Rotate the canned goods and water once a year and keep it next to your favorite assault rifle. with careful use, you can live ten days on this.
How do I know? I just got done testing it! Was only expecting to get a week.


----------



## phideaux (Nov 7, 2015)

I would doubleup on them Vienna sausages, and beanie wiennies, and leave out the pop , and something else.



Jim


----------



## RedBeard (May 8, 2017)

Good list! I love those Vienna sausages! but not the bbq ones they taste funny.....


----------



## phideaux (Nov 7, 2015)

Vienna weenies and Ritz crackers....OMG




Jim


----------



## Tweto (Nov 26, 2011)

There's nothing wrong with being cheap. I spent most of my life on the cheap.

Good BOB!!


----------



## marlas1too (Feb 28, 2010)

would have canned tuna,sardines,deviled ham and some saltines oh don't frget the hot sause


----------



## Sentry18 (Aug 5, 2012)

Magus said:


> 6 cans of beanie weenie.3$ [GOOGLE IT YANKEE!]


Here in the Middle we call those Franks-n-Beans!


----------



## RedBeard (May 8, 2017)

If you guys are talking about cocktail weenies we call those monkey dinks. Now that i think about it that's not a northern thing. Im pretty sure my dad started that....


----------



## RedBeard (May 8, 2017)

So i know im a yankee and all but i don't know what we are supposed to call southerners if we are yankees.....


----------



## Tweto (Nov 26, 2011)

RedBeard said:


> So i know im a yankee and all but i don't know what we are supposed to call southerners if we are yankees.....


The people in Rhode Island call themselves swamp Yankees.


----------



## RedBeard (May 8, 2017)

Tweto said:


> The people in Rhode Island call themselves swamp Yankees.


Ya that's because new jersey and rhode island smell like a swamp donkey's butthole. I also heard that term in Connecticut.


----------



## LastOutlaw (Jun 1, 2013)

It's ok to call a Yankee a Yankee but you best not call a Southerner anything! We have enough BS right now.


----------



## backlash (Nov 11, 2008)

RedBeard said:


> If you guys are talking about cocktail weenies we call those monkey dinks. Now that i think about it that's not a northern thing.
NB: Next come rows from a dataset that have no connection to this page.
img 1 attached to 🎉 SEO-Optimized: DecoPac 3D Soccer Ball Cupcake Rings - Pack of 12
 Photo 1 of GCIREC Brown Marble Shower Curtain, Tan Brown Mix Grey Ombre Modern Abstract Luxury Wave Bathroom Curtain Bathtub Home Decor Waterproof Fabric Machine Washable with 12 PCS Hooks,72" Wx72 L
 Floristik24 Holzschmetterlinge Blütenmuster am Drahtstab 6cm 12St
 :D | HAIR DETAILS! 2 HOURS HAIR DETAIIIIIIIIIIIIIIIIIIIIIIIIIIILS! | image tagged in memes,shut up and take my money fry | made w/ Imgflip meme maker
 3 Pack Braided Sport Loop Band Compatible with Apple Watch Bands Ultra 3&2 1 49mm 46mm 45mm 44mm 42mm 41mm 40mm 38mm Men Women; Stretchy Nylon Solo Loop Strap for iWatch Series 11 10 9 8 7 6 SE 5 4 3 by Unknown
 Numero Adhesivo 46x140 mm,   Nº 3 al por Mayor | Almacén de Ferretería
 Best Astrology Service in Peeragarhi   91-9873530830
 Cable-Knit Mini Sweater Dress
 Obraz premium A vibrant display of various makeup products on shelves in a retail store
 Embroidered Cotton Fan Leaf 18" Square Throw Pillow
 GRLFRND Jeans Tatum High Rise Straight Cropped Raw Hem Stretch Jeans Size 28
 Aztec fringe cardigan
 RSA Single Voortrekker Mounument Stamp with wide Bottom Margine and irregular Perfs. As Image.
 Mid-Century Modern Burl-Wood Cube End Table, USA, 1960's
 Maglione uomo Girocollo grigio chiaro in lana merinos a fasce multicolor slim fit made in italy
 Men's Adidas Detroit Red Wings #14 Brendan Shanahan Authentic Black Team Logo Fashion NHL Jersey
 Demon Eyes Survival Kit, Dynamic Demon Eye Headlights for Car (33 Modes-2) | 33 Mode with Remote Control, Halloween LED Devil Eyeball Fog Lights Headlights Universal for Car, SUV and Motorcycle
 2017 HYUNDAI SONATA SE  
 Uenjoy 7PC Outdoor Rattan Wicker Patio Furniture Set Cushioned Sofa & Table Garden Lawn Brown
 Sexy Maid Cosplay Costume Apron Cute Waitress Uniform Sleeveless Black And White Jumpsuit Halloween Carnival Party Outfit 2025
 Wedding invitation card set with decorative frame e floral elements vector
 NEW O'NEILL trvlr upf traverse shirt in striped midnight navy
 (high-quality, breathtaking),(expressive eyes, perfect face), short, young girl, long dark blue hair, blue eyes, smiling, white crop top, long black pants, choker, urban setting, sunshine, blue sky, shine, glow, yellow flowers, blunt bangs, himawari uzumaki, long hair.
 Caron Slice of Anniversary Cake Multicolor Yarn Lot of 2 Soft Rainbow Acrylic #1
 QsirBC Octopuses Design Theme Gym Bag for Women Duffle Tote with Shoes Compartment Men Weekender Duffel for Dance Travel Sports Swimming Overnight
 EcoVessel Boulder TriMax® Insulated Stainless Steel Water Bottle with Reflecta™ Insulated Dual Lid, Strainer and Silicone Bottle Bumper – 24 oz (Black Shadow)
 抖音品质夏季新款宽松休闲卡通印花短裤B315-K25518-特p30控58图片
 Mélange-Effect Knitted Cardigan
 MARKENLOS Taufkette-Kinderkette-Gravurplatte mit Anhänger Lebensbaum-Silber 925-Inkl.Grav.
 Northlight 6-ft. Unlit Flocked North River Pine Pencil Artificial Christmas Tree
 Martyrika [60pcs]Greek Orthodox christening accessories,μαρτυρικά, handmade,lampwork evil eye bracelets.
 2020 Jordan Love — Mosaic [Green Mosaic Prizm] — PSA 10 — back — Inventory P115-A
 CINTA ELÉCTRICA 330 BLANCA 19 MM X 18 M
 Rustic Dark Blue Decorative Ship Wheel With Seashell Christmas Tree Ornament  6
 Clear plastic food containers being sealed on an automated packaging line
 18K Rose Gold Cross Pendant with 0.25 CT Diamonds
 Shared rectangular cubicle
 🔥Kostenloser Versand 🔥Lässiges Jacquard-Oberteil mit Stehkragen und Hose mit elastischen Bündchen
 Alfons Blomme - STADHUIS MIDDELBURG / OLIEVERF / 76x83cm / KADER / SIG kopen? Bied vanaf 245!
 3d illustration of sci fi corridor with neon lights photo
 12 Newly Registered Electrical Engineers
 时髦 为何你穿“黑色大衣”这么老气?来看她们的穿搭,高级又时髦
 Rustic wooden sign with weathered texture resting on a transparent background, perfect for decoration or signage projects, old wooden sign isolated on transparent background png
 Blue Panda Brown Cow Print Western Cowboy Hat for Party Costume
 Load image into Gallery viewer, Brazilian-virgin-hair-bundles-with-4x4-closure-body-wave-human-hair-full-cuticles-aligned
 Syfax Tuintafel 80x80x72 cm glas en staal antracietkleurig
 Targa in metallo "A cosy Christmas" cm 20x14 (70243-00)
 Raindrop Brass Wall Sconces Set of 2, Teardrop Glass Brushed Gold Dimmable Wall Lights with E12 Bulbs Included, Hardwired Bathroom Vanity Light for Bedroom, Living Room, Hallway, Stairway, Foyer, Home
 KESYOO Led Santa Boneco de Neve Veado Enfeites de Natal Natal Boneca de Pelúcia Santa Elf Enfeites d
Im pretty sure my dad started that....


Cocktail weenies, also called little smokies, and Vienna sausages are a completely different thing.
Vienna sausages are more like mini potted meat hotdogs.
All are good eats.
Now I'm hungry.

One of my favorite pot luck dishes.
One bottle of Sweet baby Ray's BBQ sauce.
A pound of Little Smokies
Put everything in a crock pot and heat.
Supply toothpicks so everyone keeps their fingers out of the pot.


----------



## RedBeard (May 8, 2017)

LastOutlaw said:


> It's ok to call a Yankee a Yankee but you best not call a Southerner anything! We have enough BS right now.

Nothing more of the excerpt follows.